La habitación sigue en penumbra, atemporal y silenciosa. Dos cuerpos abandonados entre cálidas sábanas. Calmados de sed y deseo. Saciados de antojos sexuales. Adormecidos los sentidos.
Mis ojos vendados deambulando por su piel. Mis labios pegados escurriéndose en su pecho. Mis pies inmóviles rozando su empeine, suave y huesudo. Mis muslos sosegados acariciando sus orejas.
Mi mente lujuriosa despierta mi olfato. Intuye el aroma lascivo que aún impregna la estancia. Intento atrapar la fragancia. Mi instinto animal me guía. Rastreo caminos andados. Me deslizo entre los pliegues de su cuerpo para empaparme de su esencia, sumergiéndome entre las telas. Sigilosa. Él sigue dormitando.
Mi pensamiento sigue aferrado a su olor. Intenso y penetrante. Tentador y atractivo. Paso de la calma al impulso. La sangre fluye caprichosa. Mis dedos renacidos bucean entre temperaturas. Avivados y estimulantes. Me llevo su mano a mi boca y la impregno con mi aliento agitado. Suplicando respuesta a mí deseo.
Adivino su inminente ímpetu. Recoge el envite. Apresa mi suspiro y se contagia de mi excitación. Su lengua sedosa se mezcla con la mía. Hundiéndose y sorbiendo. Fundidos. Desbordándonos.
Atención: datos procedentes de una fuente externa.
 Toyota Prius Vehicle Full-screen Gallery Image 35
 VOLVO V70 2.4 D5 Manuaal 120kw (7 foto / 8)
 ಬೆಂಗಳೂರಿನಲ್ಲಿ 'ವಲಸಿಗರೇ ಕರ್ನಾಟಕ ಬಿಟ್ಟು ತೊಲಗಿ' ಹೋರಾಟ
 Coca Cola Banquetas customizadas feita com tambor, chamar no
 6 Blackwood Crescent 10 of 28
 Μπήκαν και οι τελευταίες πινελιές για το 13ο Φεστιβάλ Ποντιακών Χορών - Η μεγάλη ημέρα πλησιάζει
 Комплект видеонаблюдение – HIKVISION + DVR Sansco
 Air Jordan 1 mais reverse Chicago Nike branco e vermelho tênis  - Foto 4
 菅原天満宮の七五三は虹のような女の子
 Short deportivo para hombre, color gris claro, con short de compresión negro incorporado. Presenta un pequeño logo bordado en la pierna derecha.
Siento todo su cuerpo como el producto de mi obra, a la que doy vida.
Con cierta frustración mi cuerpo me manda señales de su ausencia y deseo salir corriendo, retroceder meses atrás, traerlo nuevamente a esta habitación donde a cada día le poníamos nombre. Desde esa ventana que enmarca nuestros cuerpos desnudos en el frío de la madrugada. Encajados y con suaves movimientos nos recreábamos en el silencio de la noche y en la ignorancia de quienes desconocían nuestra dicha. Les miramos pero ellos no ven. Volvemos de vez en cuando a la cama a bebernos, a engullirnos.